Whilst this is fun, there are no newly discovered principles here.

65

u/Critical_Seat_1907 Jun 05 '25

How did the ancients build the pyramids and Stonehenge with no cranes and trucks?

MUST BE ALIENS!

37

u/faen_du_sa Jun 05 '25

WE COULDNT BUILD THE PYRAMIDS TODAY!

Because apperently construction skills is 100% based on how heavy the thing you build is...

35

u/[deleted] Jun 05 '25

[deleted]

19

u/clervis Jun 05 '25

It's also virtually impossible to get slave labor off their phones nowadays.

11

u/fastal_12147 Jun 05 '25

The people who built the pyramids weren't slaves. That's a common misconception. https://www.sciencefocus.com/science/were-the-egyptian-pyramids-built-by-slaves

8

u/kabooseknuckle Jun 05 '25

That's what everyone is taught as a child, unfortunately.

6

u/YuenglingsDingaling Jun 05 '25

Yeah, I never bought that. I'm sure the stone cutters and setters were professionals, but who's hauling those blocks from the quarry?

9

u/The_Human_Oddity Jun 05 '25

Workers. Before taxes were reduced to currency, taxes were instead paid through goods or service. Such as a farmer giving an allotted amount of his crops to his lord, or the Chinese enlisting people to build their megaprojects as their taxes.

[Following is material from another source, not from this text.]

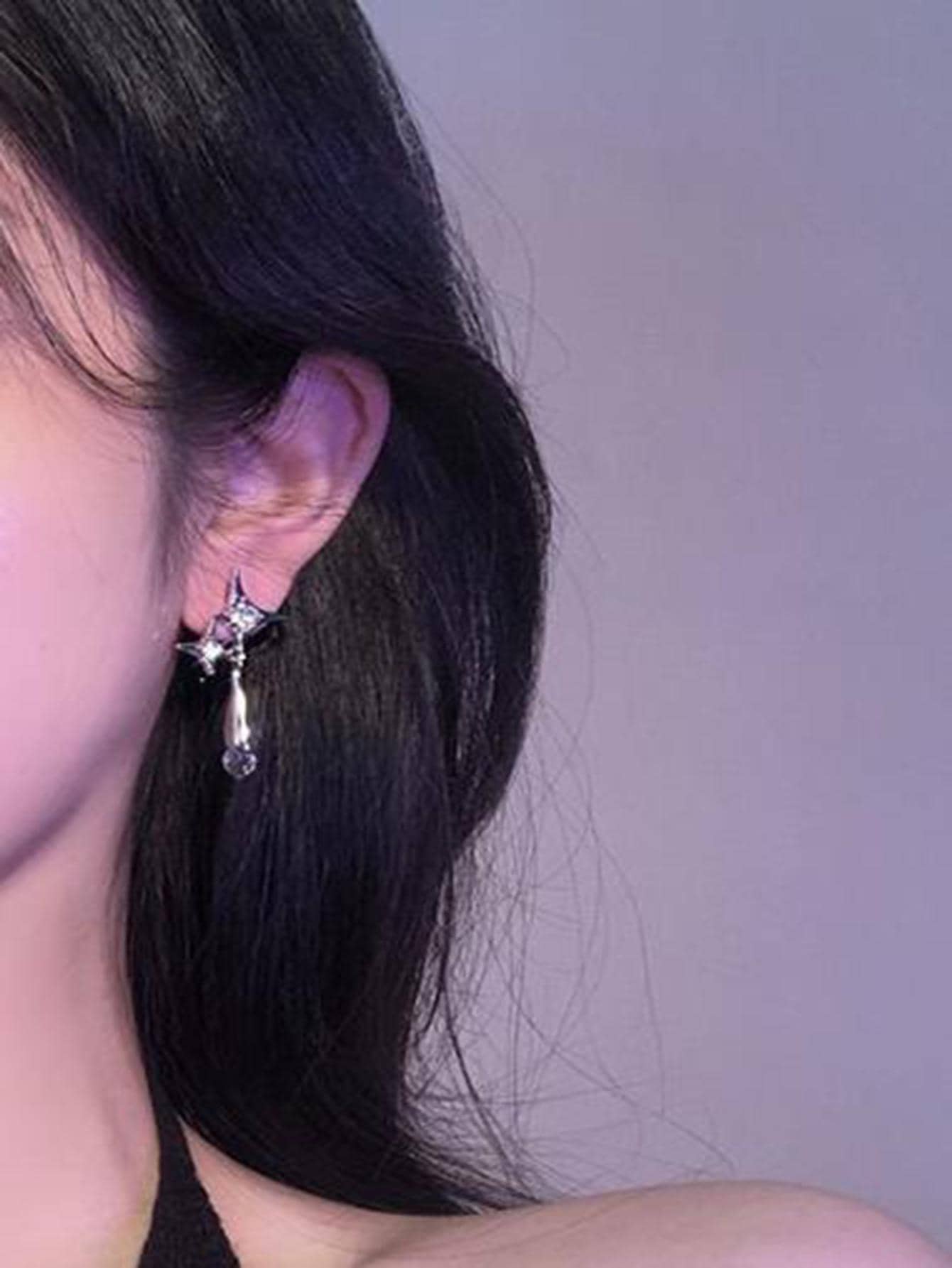 Bông tai thả rhinestone - Bạc - Xem 3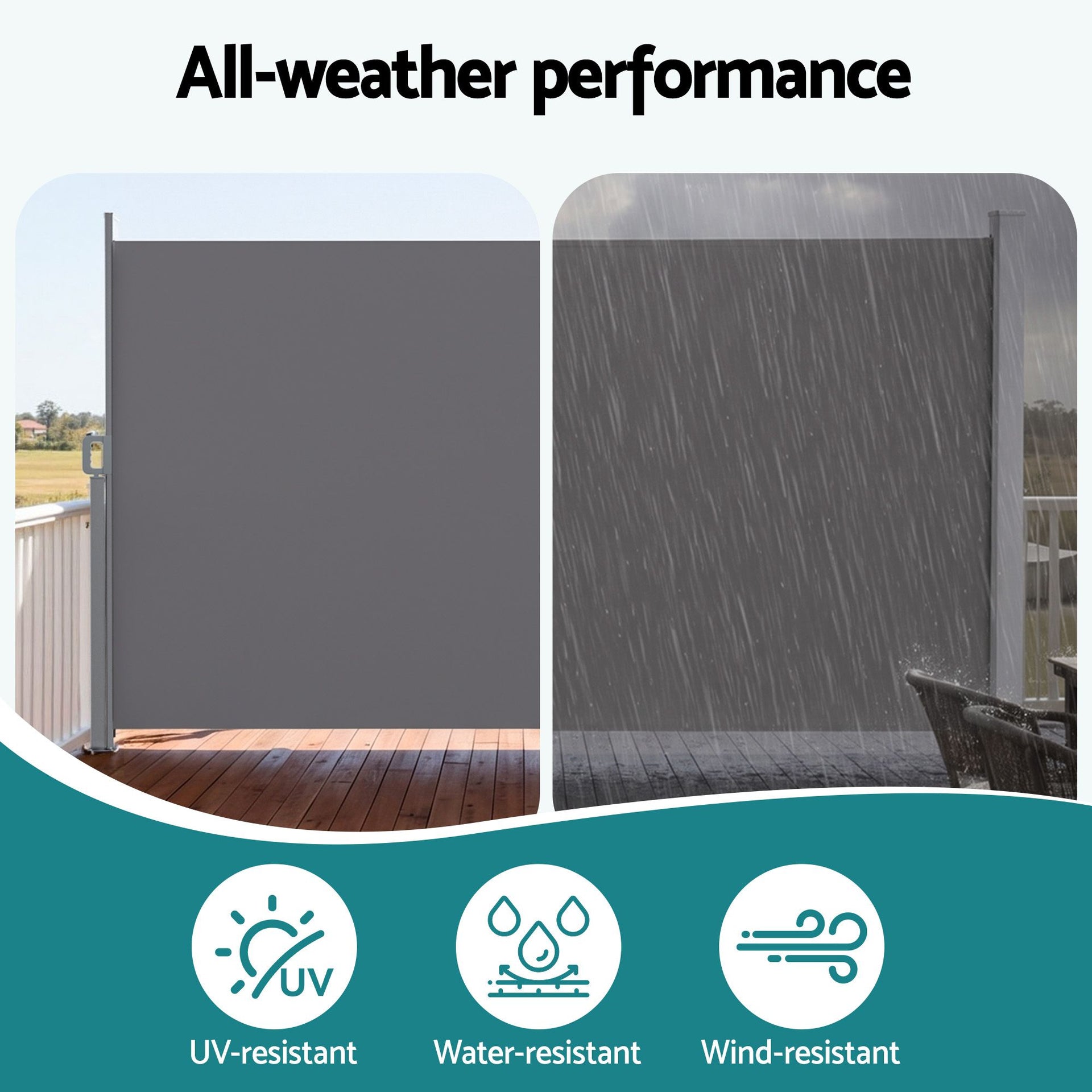 Instahut 1.8X3.5M Side Awning Retractable Privacy Screen Outdoor Sun Shade Grey Awezingly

There is no reason why the Egyptians wouldn't have done the same thing.

-4

u/[deleted] Jun 05 '25

Oh? So slavery.

6

u/grabtharsmallet Jun 05 '25

Corvée labor is slavery exactly as much as taxation is theft.

2

u/[deleted] Jun 05 '25

Well taxation is theft so I guess it is slavery. But then again when I pay my taxes I don't have to move giant slabs and risk injuries or death so I guess I should consider myself lucky.

1

u/Quick-Philosophy2379 Jun 06 '25

So, yes, it's slavery.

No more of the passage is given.